While data fabric and data mesh have grown in popularity, they have also encountered their fair share of skepticism. Hijacked by marketing departments and used as buzzwords, it can be hard to get a clear understanding of what they can do and how to benefit from them.
Too often, when asked what data fabric or mesh is, software vendors shape their answer by the current functionality their products offer which unfortunately misses the mark when it comes to clarification. The truth is, as frameworks that need to span multiple environments, no one tool can cover the full set of requirements alone.
As data professionals, we are familiar with data modeling. A good concept in data modeling can encapsulate lots of thinking. So if you describe a concept well, it can present an incredibly powerful opportunity.
Data fabric and data mesh are no different – if well-defined and their value and application are well communicated, we can use them to considerable advantage.
Data mesh as defined by Zhamak Dheghani (formerly of Thoughtworks) can be summarised as applying product-based thinking around data as a valuable asset.
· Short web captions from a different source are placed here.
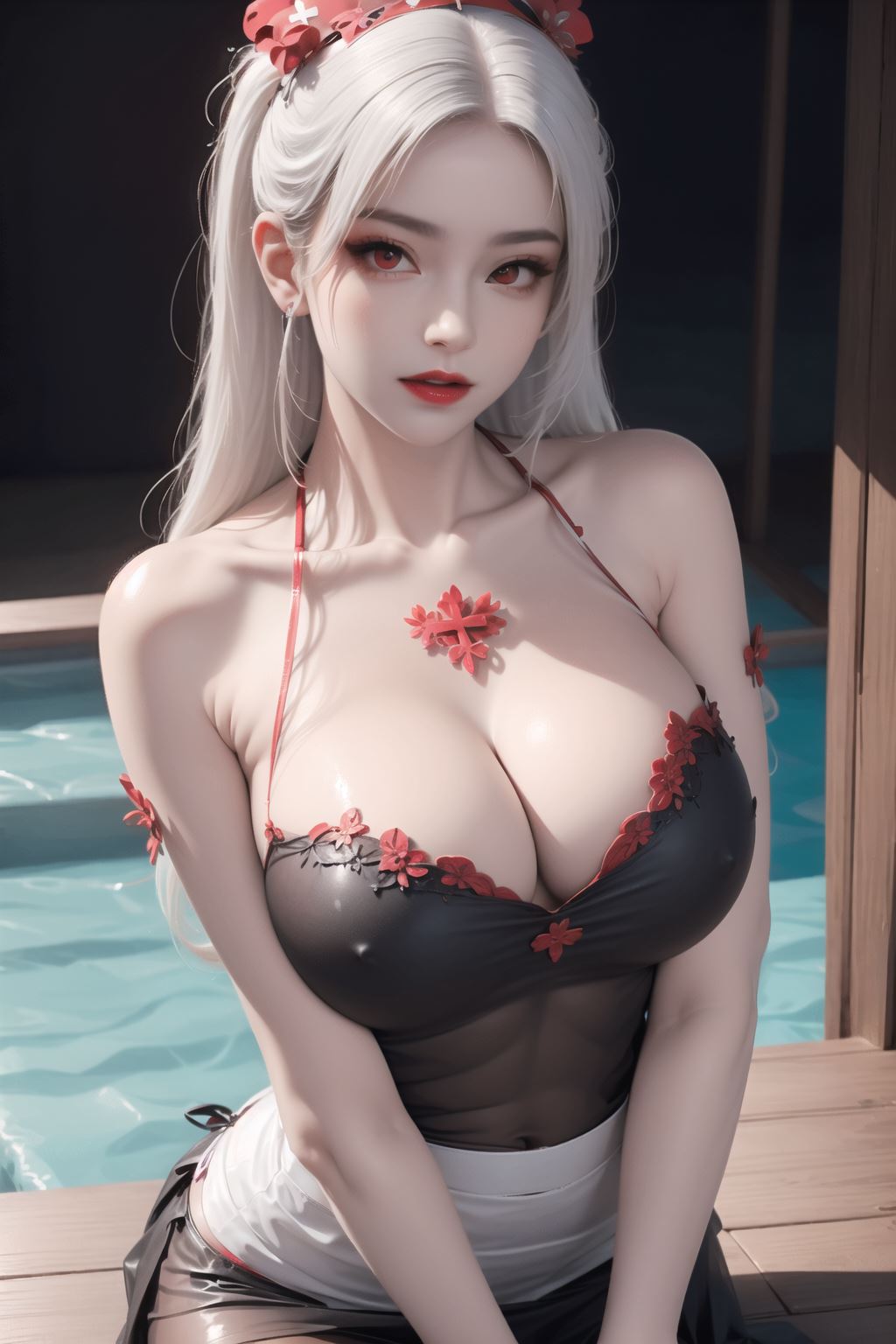 图片[47]-AI绘画 173 纯欲护士[102P] – 速更版-美库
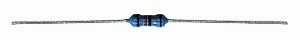 Odpor 12R 0.6W 0207 1% 50ppm R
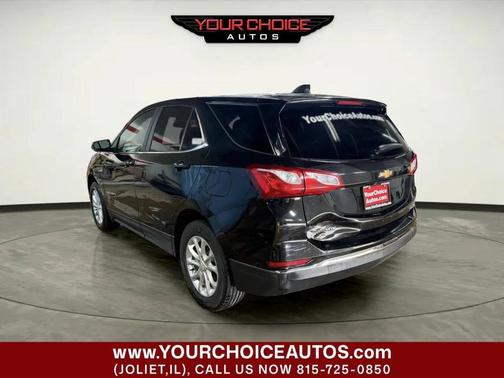 Black 2021 Chevrolet Equinox 1LT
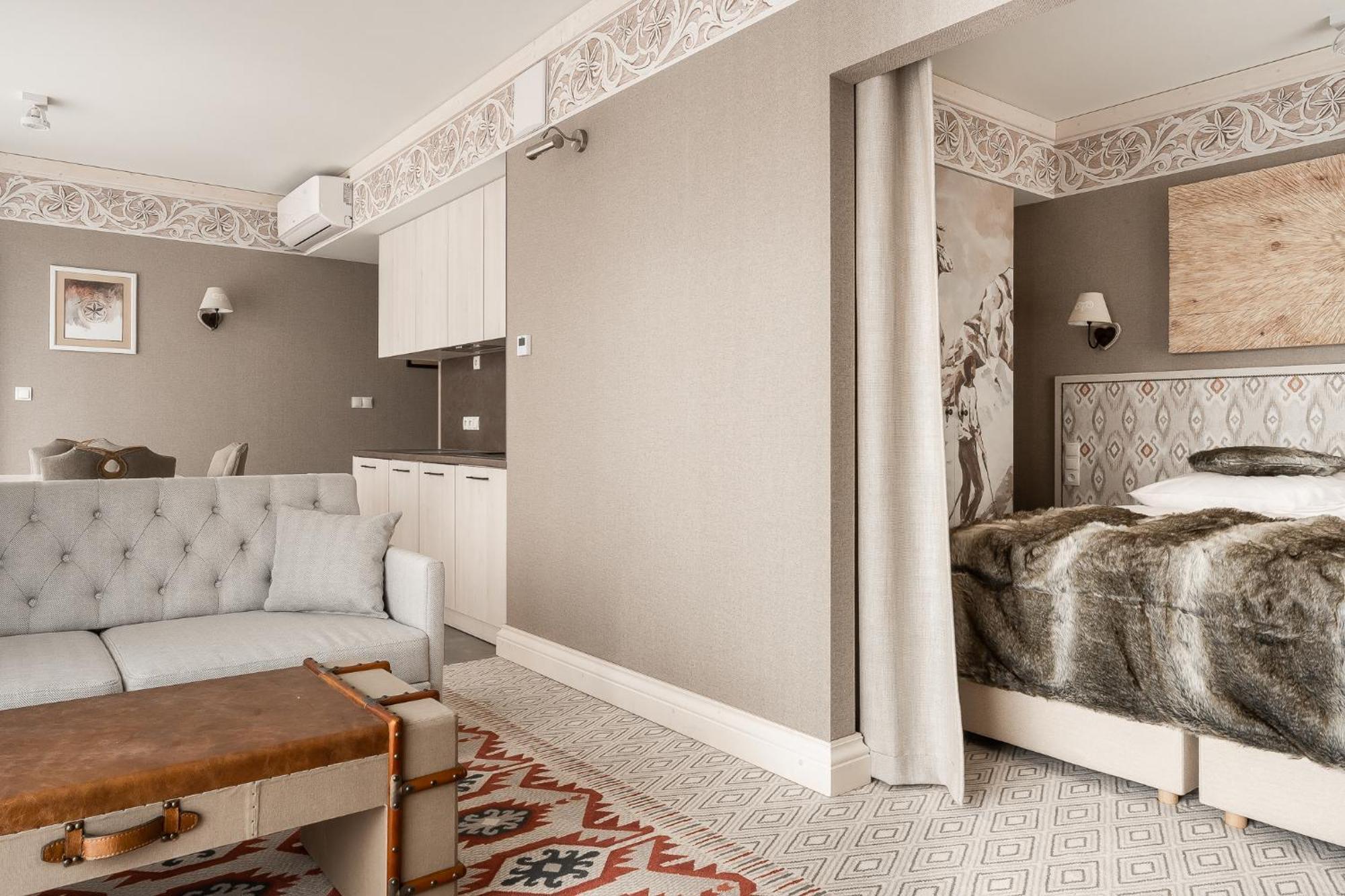 Apartamenty Aries Residence Bukowina Bukowina Tatrzańska Zewnętrze zdjęcie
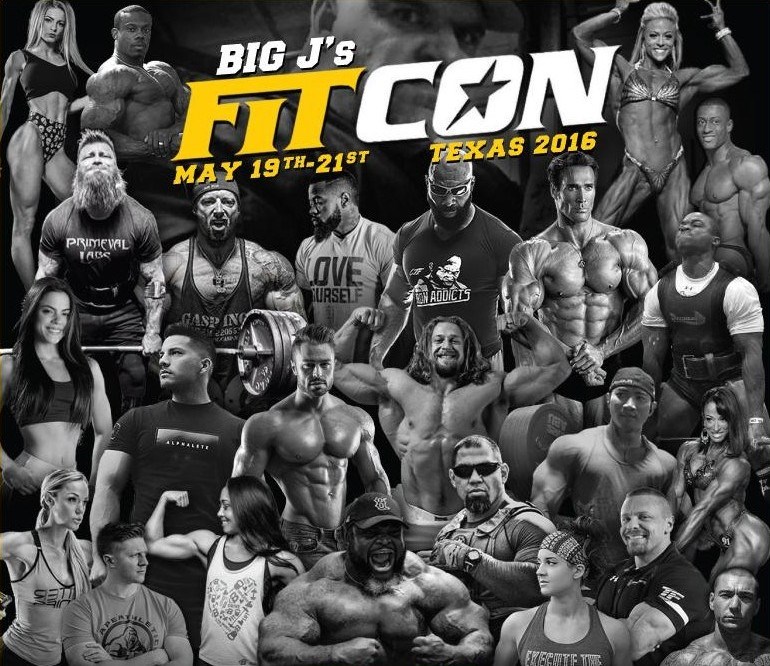 FitCon Plano health and fitness body building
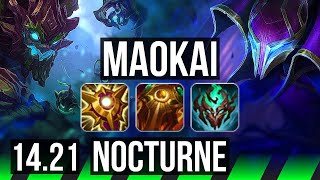 MAOKAI vs NOCTURNE (JGL) | 4/2/28 | KR Diamond | 14.21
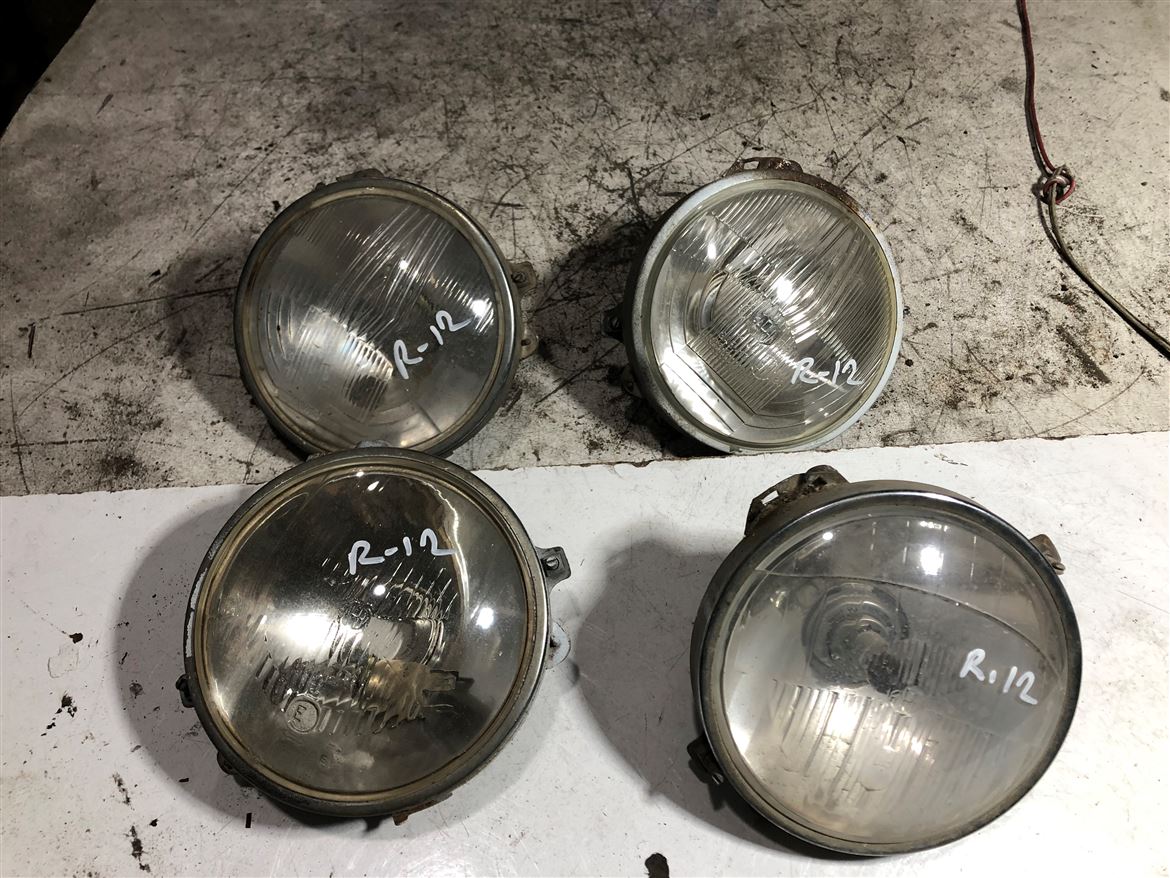 Renault 12 Far (Tek)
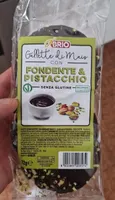 gallette Fondente & Pistacchio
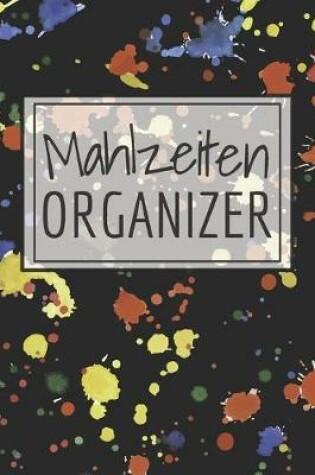 Cover of Mahlzeiten Organizer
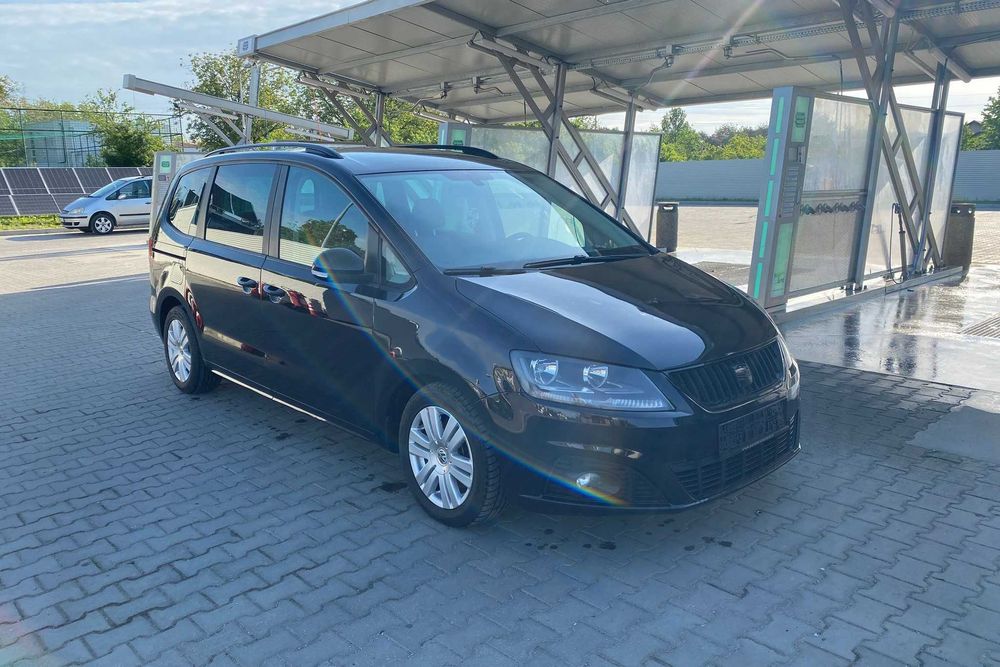 Seat Alhambra 2.0TDI - Euro 5, Climatronic, Pilot, Jante - Economica si Spatioasa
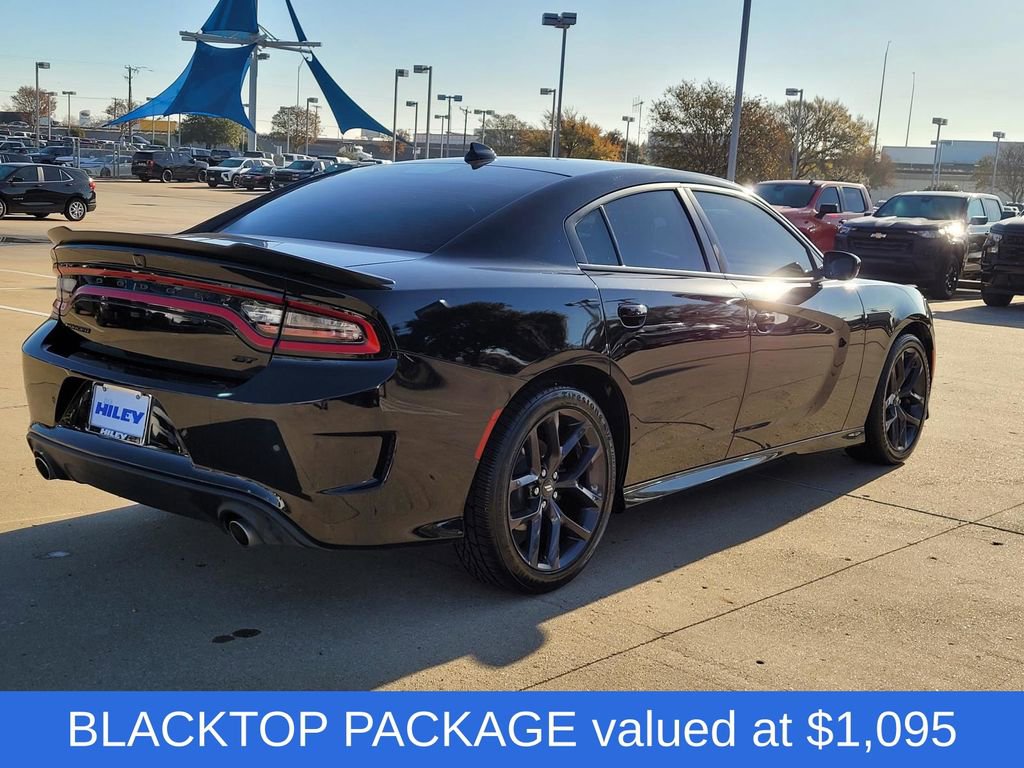 Used 2020 Dodge Charger GT w/ Blacktop Package image 4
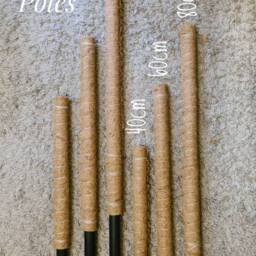 Extendable Coco Coir Moss Pole Plant Support For Monstera, Philodendron - thumbnail 2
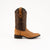 Ferrini Mens Tan Leather Kingston S-Toe Cowboy Boots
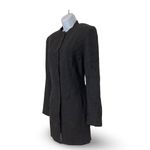 Rena Rowan Longline Wool Blend Blazer Photo 1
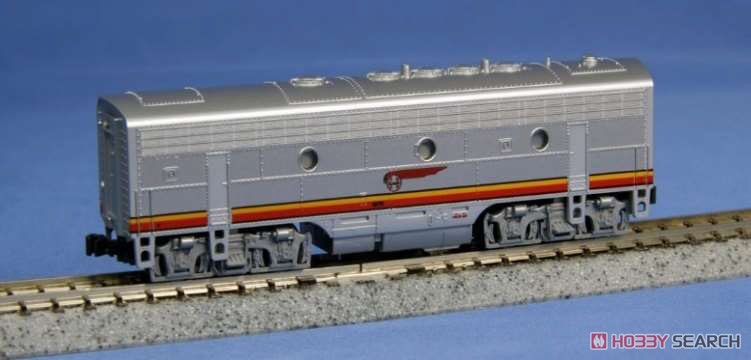 EMD F7B ディーゼル機関車 AT&SF (赤/銀) ★外国形モデル (鉄道模型) 商品画像4
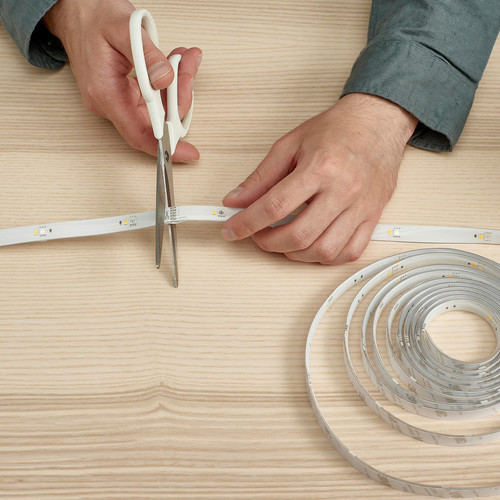 ORMANÄS LED lighting strip, smart colour and white spectrum, 4 m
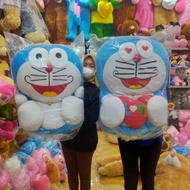[ Ready Stock] Boneka Doraemon Boneka Mata Love Boneka Doraemon Jumbo
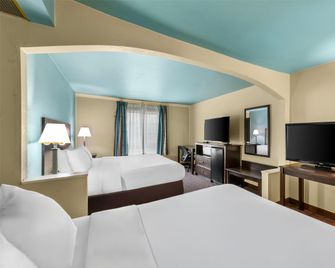 Red Lion Inn & Suites Blue Springs - Blue Springs - Slaapkamer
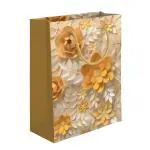 Festiko Paper Gift Bags (Design 2 - Pack of 10), Paper Bag For Gift Packing, Paper Bags for Return Gifts/Presents/Weddings/Birthday/Holiday Presents/Celebrations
It often requires organizational change, and the owners of the data domains need to be established to define who gets the value from the data and notably who owns the data risks within it.
Re-usable data assets are not new, but data mesh gives a stronger framework to deliver them within.
In parallel, while data fabric is currently riding high on the Gartner hype-cycle, it is well positioned to move through the ‘trough of disillusionment’ as it contains several well-established data capabilities.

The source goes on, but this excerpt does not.